Third, The Big Short creates a tension that drives the film and adds cinematic style: it pits small bands of outsiders against huge financial firms that are making a fortune by selling CDOs. Working largely independently – although occasionally piggy-backing on each other’s knowledge – these protagonists conclude, based on careful analyses, that the economic bubble cannot be sustained. Essentially they bet against these huge financial firms (and the continuation of the bubble), and borrow large sums of money from these same firms to make their bets.

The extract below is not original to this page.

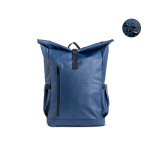Mochila enrollable con revestimiento de PU y bolsillo portátil 15,6'' color azul marino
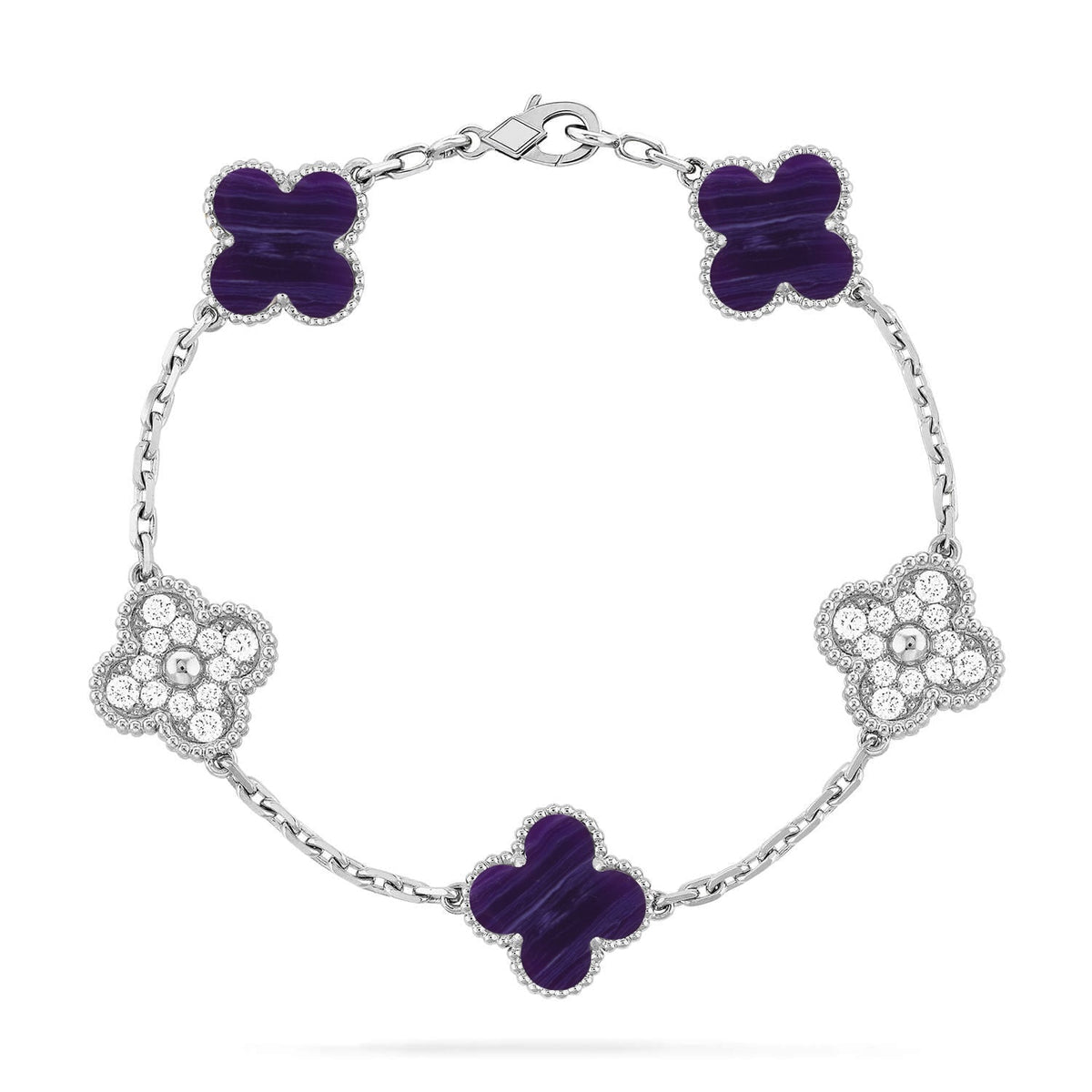 [OrnoraJewelry]CLOVER 5 MOTIF PURPLE STRIPES BRACELET COLLECTION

Although willing to loan the money, these firms treat these outsiders in a smug, condescending manner. There is a David and Goliath vibe to these interactions. The financial officers’ disdain for our protagonists is a proxy for corporate executives’ condescending attitudes toward the public. Suspense is generated through the temporal and economic pressure on the protagonists: time is of the essence, and time is running out. Borrowing huge sums of money requires large monthly interest payments, and the outsiders wonder if the collapse on which they are betting will occur soon enough to avoid their own bankruptcy from interest payments. Moreover, when the indicators of collapse fall into place, our heroes are shocked that nothing changes! Ratings companies continue to issue AAA ratings for over-valued CDOs, government regulatory agencies do nothing, and the protagonists are near bankruptcy. By all principles of rational economics, our heroes know that ratings should be falling as housing prices plummet and foreclosures skyrocket. How could market forces in the free market not lead to falling ratings? The emerging answer is that the market is not free; the protagonists uncover a conspiracy of silence among banks, ratings firms, and government to maintain the economic status quo. This is exactly what happened in 2008 (Sorkin, 2010).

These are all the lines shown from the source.